Tuesday, March 17, 2015

User Security: Overview

In a previous post, I laid out the basis for defining user information in most applications.

One of the many aspects that involves users is security including authentication, authorization, and other secure processes and protocols.

User security is a serious matter because we often see poor judgement used when implementing it.

Since more and more of our lives is now digital (bank accounts, memories with photos and videos), it's alarming to see such a poor state in user security.



Authentication


The goal is to provide means to confirm identity of user to allow access to certain features or content.

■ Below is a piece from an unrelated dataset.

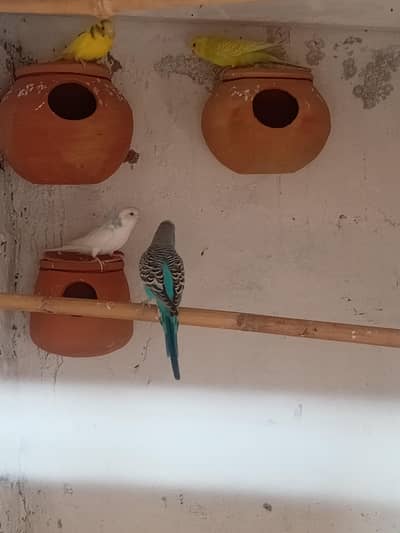 Australian breeder pair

It could be member-only type of benefits, or personal, even sensitive, information.

The oldest yet-still-very-much-in-use form is the Username & Password (U&P).

The new, now old, kid on the block is Secure Delegated Access (SDA). This is what Facebook, Google and such provide to their users: allowing other sites to authenticate them without having to worry about providing another (or the same) username and password.

The last commonly used form is Multi-Factor Authentication (MFA), which comes in different flavors. It always involved something you know (password, pin, etc.) and something you have (hardware/software token). In extreme cases it also involves something you are (biometric data, fingerprint, iris scan, etc.).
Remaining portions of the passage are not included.